Even Fiesta's interior architecture, with a cell phone-inspired central hangdown section, has been left mostly unaltered from that first seen in the concept.
But perhaps bigger than new Fiesta's captivating appearance is its ability to charm its driver.
Although steering has moved from a hydraulic to electric power steering setup, it remains one of the car's strong points. An absolute breeze at pedestrian speeds where it responds to the delicate touch, the steering is equally good through quicker sweeps when it firms up appreciatively.
Meanwhile, a body that is 40 kg lighter than before but also 10% stiffer and lower by a good few centimetres translates to a car that seems to relish enthusiastic driving.

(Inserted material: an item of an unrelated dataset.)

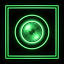 The Director // ARCHIVE-9 logo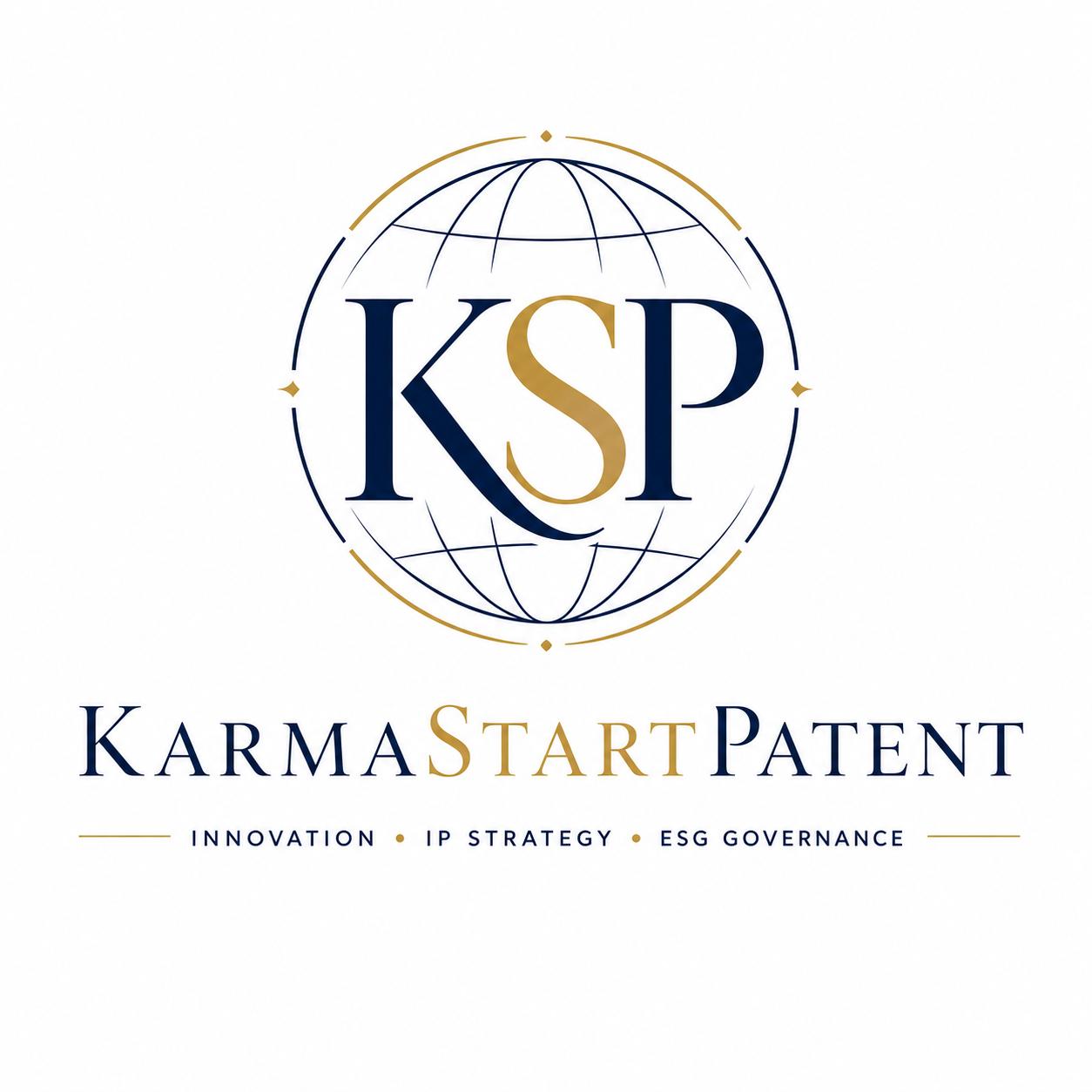 Patent ESG Solutions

Fiesta's diminutive dimensions make it feel very nimble at all speeds, but space within the cabin is commendable and its impeccable road manners could easily have you believing you're zooming about in a much larger car.

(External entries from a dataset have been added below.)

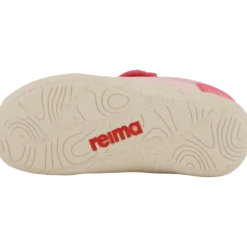 Reimatec Barefoot Shoes, Tepas Light Heather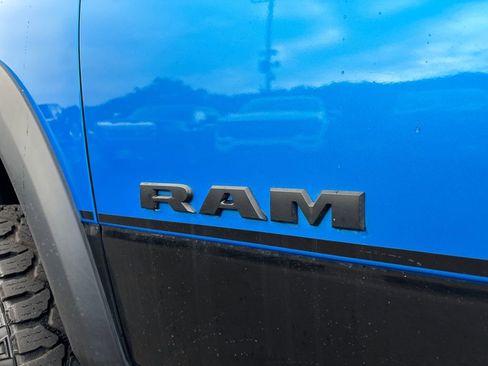 Used 2023 RAM 2500 Power Wagon w/ Level 2 Equipment Group image 32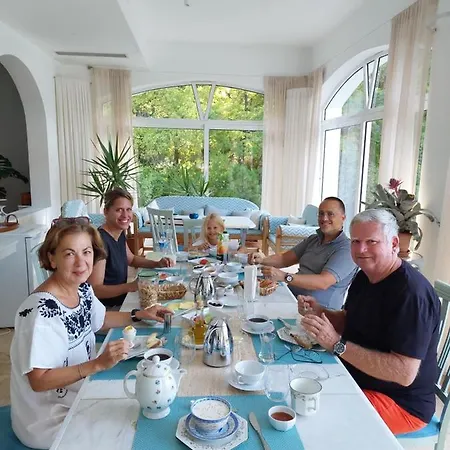 Zarik Hotell Marmaris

Ride comfort for occupants both at the front and rear is good and could easily be compared with that of the Mazda2, which incidentally shares much of its mechanicals with its American cousin.
Ensuring the safety of occupants is a shell constructed from 55% high-strength steel, while dual-stage airbags for the driver and front passenger and ABS with EBD take care of the rest.
Three four-cylinder engines are offered - a 60-kW 1.6-litre common-rail turbodiesel and 71-kW 1.4- and 88-km 1.6-litre petrol motors - and all are mated with a five-speed manual gearbox.
It can't be said that any of the powerplants are slouches, but the smaller petrol engine was a blast along the launch route that saw us flitting in and around Cape Town. However, the diesel's noise- and rattle-free performance was a revelation, too. The 88-kW 1.6-litre petrol is an all-new engine.
Three specification levels are offered on a mix of three- and five-door body styles, although the turbodiesel is only available in the base Ambiente trim as a more versatile five-door model.
Equipment levels across the range is good with Ambiente models coming standard with a six-speaker radio/CD, air conditioning, power front window, power steering, satellite audio controls, and a headlamp delay feature.
Useful features across the range include an anti-stall function on all engines and Ford's innovative capless fuel system.
In South Africa, prices include a four-year/120 000 km "bumper to bumper" warranty and a four-year/60 000 km service plan. Service intervals are at 20 000 km for the petrol models and 15 000 km for the lone diesel.
Although Fiesta has a clear female bias, at least on paper, if Ford's marketing gurus are to be believed, its fun and performance factor should see male drivers falling for the little car's charms, too.
Ford doesn’t think they'll need too much convincing either The company has, since Fiesta was first introduced here in since 1997, sold 62 000 of the total 12 million over the 32 years. One thousand units are expected to be sold locally by the end of this year.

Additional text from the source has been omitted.